A. $1 - {\left( {\dfrac{1}{{10}}} \right)^{100}}$
B. $1 + {\left( {\dfrac{1}{{10}}} \right)^{106}}$
C. $1 - {\left( {\dfrac{1}{{10}}} \right)^{106}}$
D. $1 + {\left( {\dfrac{1}{{10}}} \right)^{100}}$

Answer 1

We can find the total sum of series by using progression. For this we have to observe which progression is series in whether geometric progression, arithmetic progression or harmonic progression. And when we find that then we will apply the sum formula to find the sum of 100 terms of a given series.
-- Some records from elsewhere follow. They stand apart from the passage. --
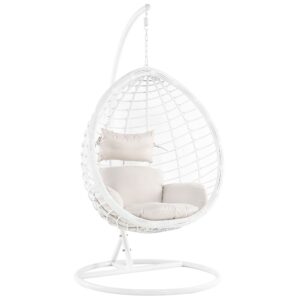Hangstoel met standaard Wit FANO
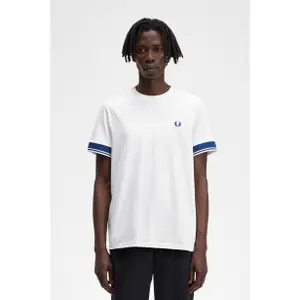 T-shirt Fred Perry Contrast Cuff image-2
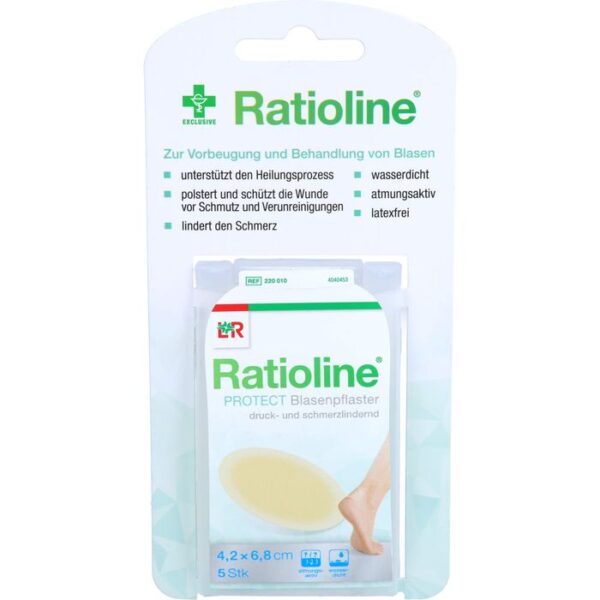 RATIOLINE protect Blasenpflaster 4,2x6,8 cm 5 St.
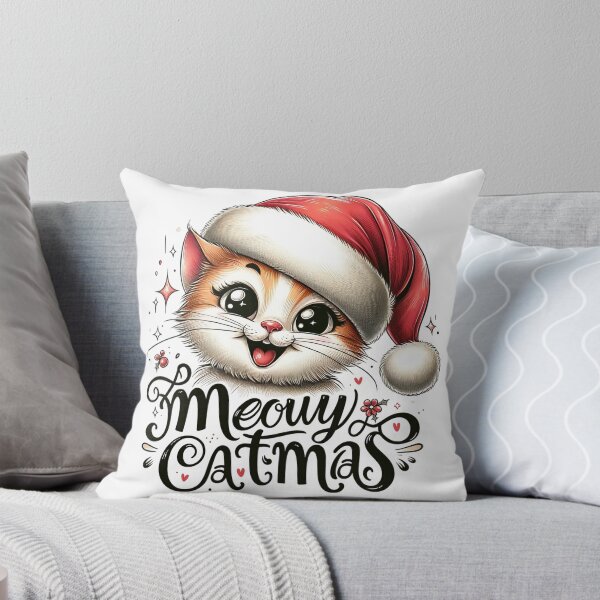 Item preview, Meowy Catmas - Festive Feline Cheer, Cute Cat designed and sold by Sonic-Store.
Complete step-by-step answer:
First of all we will write the given equation in fraction.
$\Rightarrow 0.9 + 0.09 + 0.009$
$\Rightarrow \dfrac{9}{{10}} + \dfrac{9}{{100}} + \dfrac{9}{{1000}}$ As we can see that terms in the series are increasing with the factor of $\dfrac{1}{{10}}$ so we can say that this series is of geometric progression.
The general formula of geometric progression is $a,a{r^2},a{r^3}$ and so on. Here $'a'$ is first term and $'r'$ is the common ratio.
${n^{th}}$ Term of geometric progression is given by ${a_n} = a{r^{n - 1}}$
Common ratio ${r_n} = \dfrac{{{a_n}}}{{{a_{n - 1}}}}$
Sum of first n terms of G.P is given by ${S_n} = \dfrac{{{a_1}(1 - {r^n})}}{{1 - r}}$
Now we will find common ratio,
$\Rightarrow {r_n} = \dfrac{{{a_2}}}{{{a_1}}} = \dfrac{{9/100}}{{9/10}}$
$\Rightarrow {r_n} = \dfrac{1}{{10}} = 0.1$
Now we will find sum of 100 terms by applying formula ${S_n} = \dfrac{{{a_1}(1 - {r^n})}}{{1 - r}}$
$\Rightarrow {S_{100}} = \dfrac{{0.9(1 - {{0.1}^{100}})}}{{1 - 0.1}}$
$\Rightarrow {S_{100}} = \dfrac{{0.9(1 - {{0.1}^{100}})}}{{0.9}}$
Now we will cancel 0.9 from the numerator and denominator.
$\Rightarrow {S_{100}} = 1 - {\left( {\dfrac{1}{{10}}} \right)^{100}}$
Therefore sum of 100 terms of the series $0.9 + 0.09 + 0.009$ is $1 - {\left( {\dfrac{1}{{10}}} \right)^{100}}$

So, the correct answer is “Option A”.

Note: Students can be confused while determining type of series whether it is a G.P, A.P or H.P so here below definition of them is being mentioned which states that arithmetic progression is a sequence of numbers such that the difference of any two successive numbers is a constant and that constant value is known as common difference, while harmonic progression is a sequence of real numbers formed by reciprocal of arithmetic progression.